Segment Open
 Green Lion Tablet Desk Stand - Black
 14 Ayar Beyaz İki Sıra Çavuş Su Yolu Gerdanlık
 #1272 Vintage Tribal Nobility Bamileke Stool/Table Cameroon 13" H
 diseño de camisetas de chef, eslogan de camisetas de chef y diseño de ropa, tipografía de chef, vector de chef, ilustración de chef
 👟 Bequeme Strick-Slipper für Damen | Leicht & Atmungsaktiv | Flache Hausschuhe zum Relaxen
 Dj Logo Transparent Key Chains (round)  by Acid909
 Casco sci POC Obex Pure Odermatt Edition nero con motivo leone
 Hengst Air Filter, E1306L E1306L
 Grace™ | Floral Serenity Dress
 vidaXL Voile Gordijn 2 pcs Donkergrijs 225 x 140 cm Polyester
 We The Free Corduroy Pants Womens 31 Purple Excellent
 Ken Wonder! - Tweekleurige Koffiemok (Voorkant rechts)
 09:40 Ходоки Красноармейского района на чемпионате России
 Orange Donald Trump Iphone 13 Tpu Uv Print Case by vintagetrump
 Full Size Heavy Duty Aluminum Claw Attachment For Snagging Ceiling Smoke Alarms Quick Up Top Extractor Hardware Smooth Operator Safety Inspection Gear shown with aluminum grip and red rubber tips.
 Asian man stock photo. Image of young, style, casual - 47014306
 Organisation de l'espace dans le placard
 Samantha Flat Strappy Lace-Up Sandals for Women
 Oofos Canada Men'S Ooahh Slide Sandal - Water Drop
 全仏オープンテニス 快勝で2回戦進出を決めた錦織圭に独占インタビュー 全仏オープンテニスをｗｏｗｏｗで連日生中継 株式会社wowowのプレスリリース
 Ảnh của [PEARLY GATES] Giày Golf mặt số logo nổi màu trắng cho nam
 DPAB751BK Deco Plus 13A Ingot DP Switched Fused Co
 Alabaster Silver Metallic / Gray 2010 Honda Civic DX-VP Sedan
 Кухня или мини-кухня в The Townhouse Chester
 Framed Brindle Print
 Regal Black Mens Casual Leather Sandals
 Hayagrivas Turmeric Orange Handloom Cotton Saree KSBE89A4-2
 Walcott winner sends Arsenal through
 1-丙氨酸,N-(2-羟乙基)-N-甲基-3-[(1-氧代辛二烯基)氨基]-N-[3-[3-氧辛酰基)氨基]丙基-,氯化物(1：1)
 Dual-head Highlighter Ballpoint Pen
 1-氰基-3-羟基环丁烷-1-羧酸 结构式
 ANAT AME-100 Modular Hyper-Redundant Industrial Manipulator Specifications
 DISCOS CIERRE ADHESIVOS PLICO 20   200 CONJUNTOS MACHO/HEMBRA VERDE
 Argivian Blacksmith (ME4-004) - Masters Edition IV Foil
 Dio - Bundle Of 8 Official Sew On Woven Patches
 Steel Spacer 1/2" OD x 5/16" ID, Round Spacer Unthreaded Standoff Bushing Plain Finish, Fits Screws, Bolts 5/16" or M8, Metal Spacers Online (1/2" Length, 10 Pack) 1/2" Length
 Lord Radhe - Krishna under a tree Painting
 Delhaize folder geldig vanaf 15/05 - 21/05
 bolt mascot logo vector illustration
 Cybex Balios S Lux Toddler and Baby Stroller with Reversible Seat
Segment Closed
* [Instructions to follow]: Quote every line of the records above, from the first down to the one holding "diseño de camisetas", exactly as written.

* [Result below]:
 Green Lion Tablet Desk Stand - Black
 14 Ayar Beyaz İki Sıra Çavuş Su Yolu Gerdanlık
 #1272 Vintage Tribal Nobility Bamileke Stool/Table Cameroon 13" H
 diseño de camisetas de chef, eslogan de camisetas de chef y diseño de ropa, tipografía de chef, vector de chef, ilustración de chef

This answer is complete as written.